But now — 18 years after he was first pursued by the Federal Trade Commission for his fraudulent claims — Trudeau's case is finally toast, U.S. Court of Appeals judges are praying.

"This decision marks the end of litigation about Kevin Trudeau's frauds — or so we hope," Seventh Circuit Judge
Frank Easterbrook wrote in an opinion published last week.
The decision wasn't whether or not to keep Katie in prison, where he is serving ten years on charges of criminal contempt related to deceptive claims in infomercials for his diet book, Weight Loss Secrets They Don't Want You to Know About. That conviction and sentence have already been appealed, and he lost the appeal last year around the time of his birthday, as reported on this blog.
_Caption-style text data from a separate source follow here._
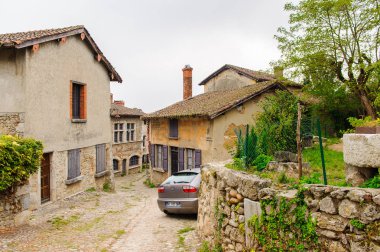Perouges, Fransa - Eki 11, 2016: Perouges Arhitecture, Fransa, bir ortaçağ duvarlı şehir, popüler bir turistik.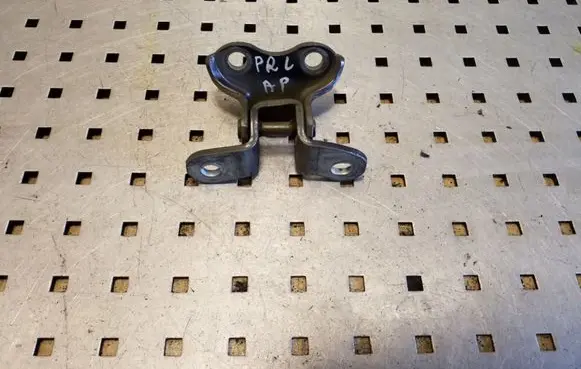 Toyota Avensis T270 Front door lower hinge 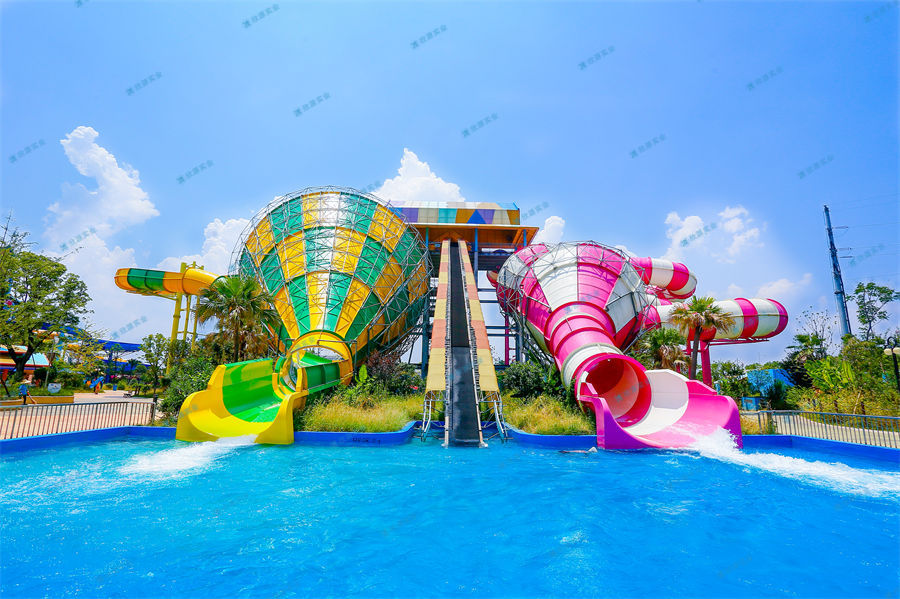 親子小沖天回旋滑梯-7774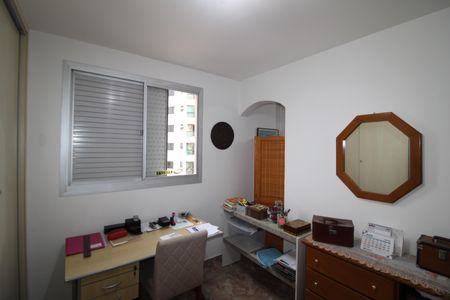 Apartamento à venda com 100m², 3 quartos e 2 vagasQuarto 3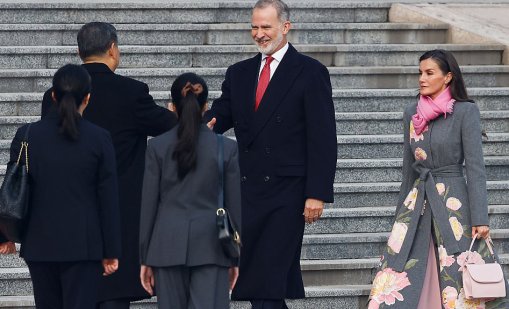 Кралица Летисия се появи в Китай с уникално палто на Carolina Herrera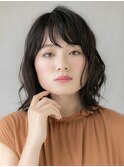 くせ毛風伸ばしかけ黒髪ミディアムレイヤー/似合わせカットe
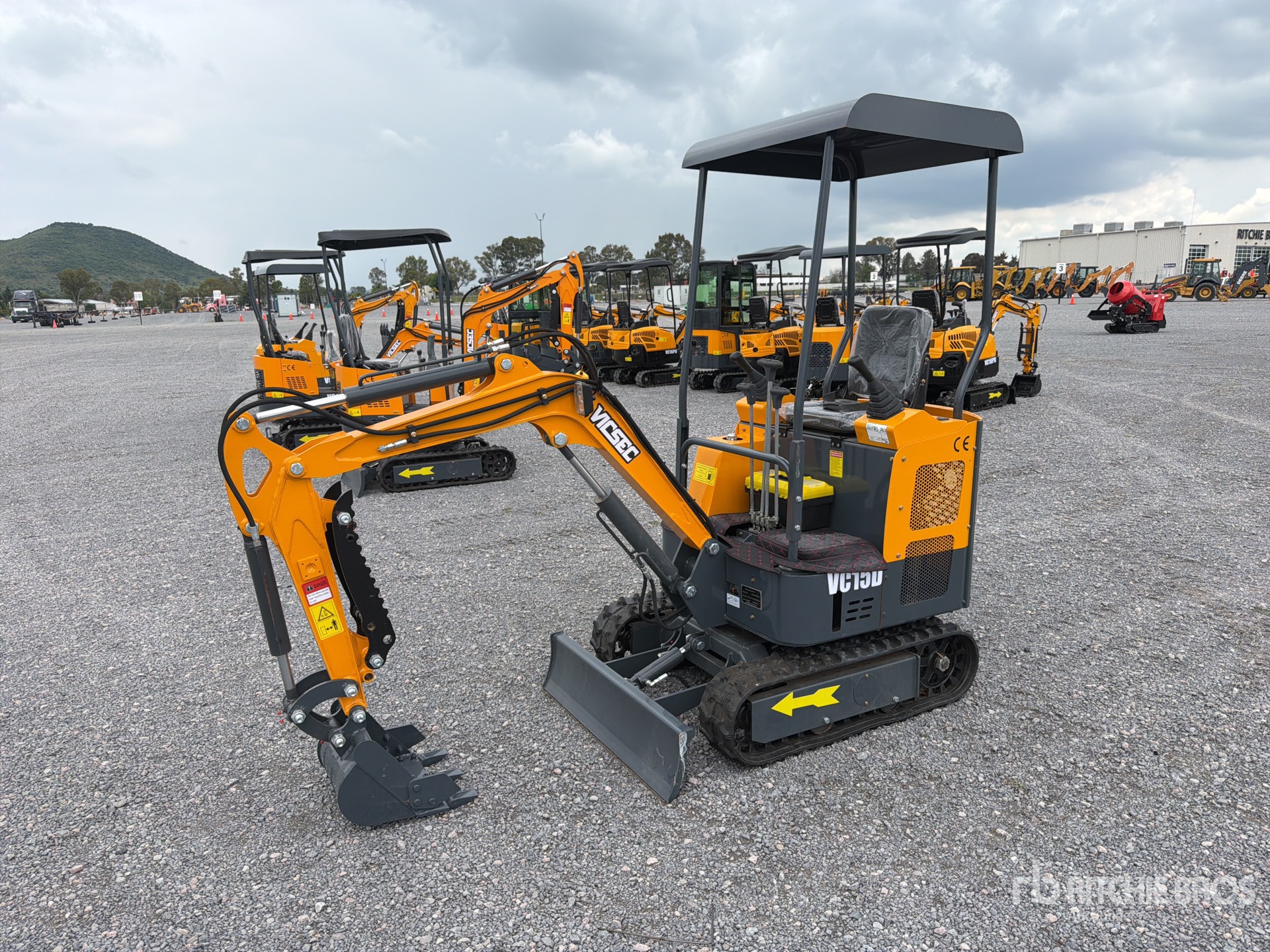 2026 VICSEC 15D Miniexcavadora (Sin Usar) / Mini Excavator (Unused)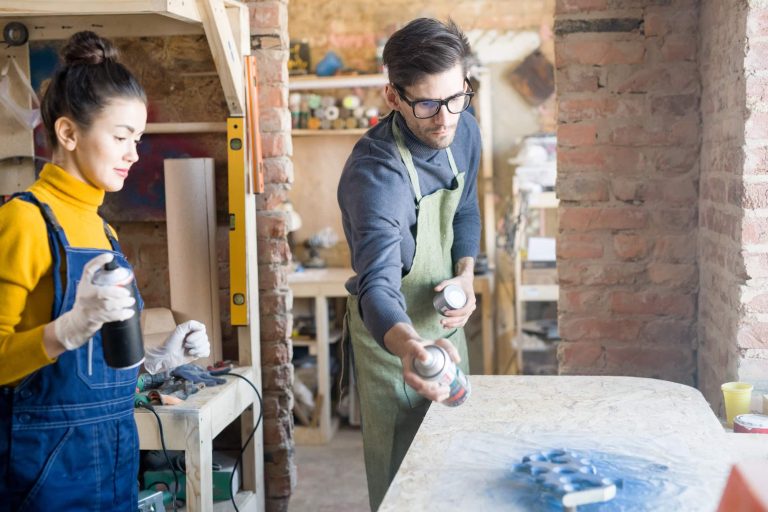 L’art de la customisation de meubles : Transformer avec la peinture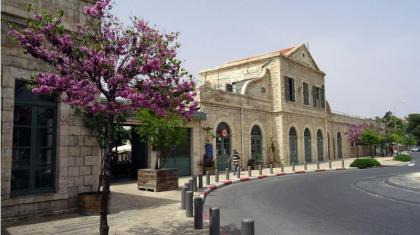 The Colony Hotel - image 8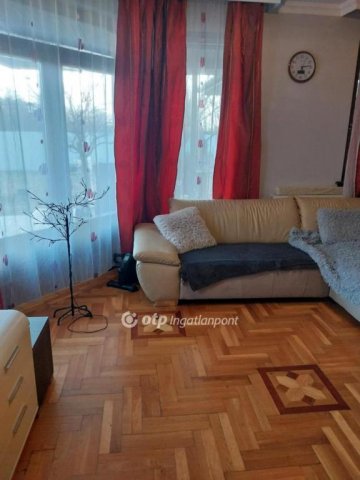 Eladó családi ház, Tégláson 60 M Ft, 1+2 szobás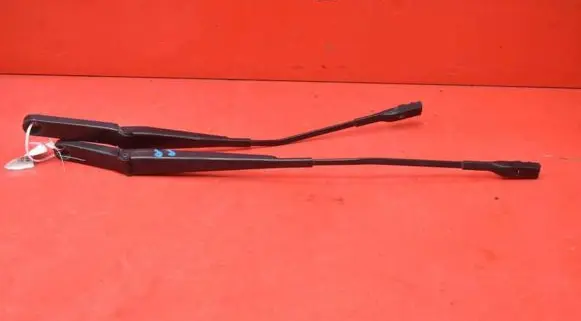 Audi A1 Front wiper blade arm 8X1955407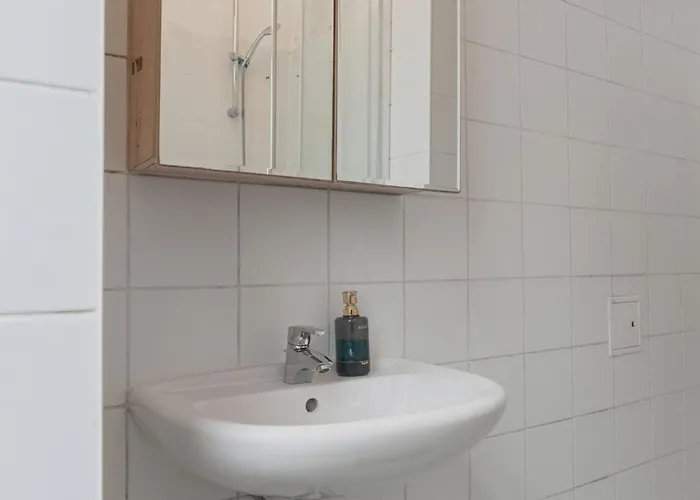 Vienna, Lovely Private In 3br Shared Apt, Tv & Wifi Viena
Never a quitter, Katie took his fight all the way to the Supreme Court of the United States -- or, rather, he tried to.
That was a wash too. As far as I know, SCOTUS didn't even bother with an explanation as to why they didn't care to hear his case; they just issued this:

But the December 29 decision concerned one of Katie's dozens of companies, Website Solutions, which along with his other assets whose existence was known to the court, was put under receivership in 2013. At some point Website Solutions hired their own law firms to represent it in responding to Federal Trade Commission (FTC) demands to turn over business records, and those firms later demanded that they be paid from the receivership funds. The district court determined that because Website Solutions was, as the business records revealed, indeed part of Trudeau's assets and therefore subject to receivership, any and all profits from that business must be used for restitution to the customers who'd been scammed by the weight-loss book.
 
After the receiver had collected about $8 million it submitted a plan to the district court to distribute the funds to victims. The court approved the distribution plan, and also determined that Website Solution's law firms -- Hogan Marren Babbo & Rose, Ltd.; and Faruki Ireland & Cox, P.L.L. -- were not entitled to compensation from the receivership estate. All that money was slated to go to victims, not lawyers. The law firms appealed the denial, and their appeal was in turn denied on December 29.


I found it amusing that the appellate judges also suggested a couple of strategies that Website Solutions' law firms might have used to at least give themselves and their client a fighting chance. From
Bloomberg BNA's January 5 article on the matter:
The court noted that neither the firms nor Website Solutions sought court approval for the firms’ engagement or their “proposed course of conduct,” and that ultimately their actions were more obstructive than helpful to the receiver’s efforts.

The court also pointed out that the firms may have sought recovery of fees related to complying with the receiver’s discovery requests under Federal Rules of Civil Procedure, Rule 45(d)(3)(C)(ii). That section permits a court under certain circumstances to order reasonable fees for complying with a subpoena request.
Some folks sure waste a lot of money on lawyerly incompetence; have you noticed? When it happens to good people that's an outrage, but when it's a scammer whose money is squandered, it's really kind of funny..

From the Caselaw site,
here is a link to the text of the December 29 decision.

And if you'd like a PDF,
here's a link to that.

You can of course find links to many earlier Katie legal documents
on this very Whirled -- docs related to his civil, criminal, appeals, and bankruptcy cases -- but if you don't feel like wading through old blog posts, try this link to find previous documents related to Trudeau's appeals. Just search for "Kevin Trudeau" and you'll find a few decisions that in their own way helped pave Katie's road to Federal sleepaway camp.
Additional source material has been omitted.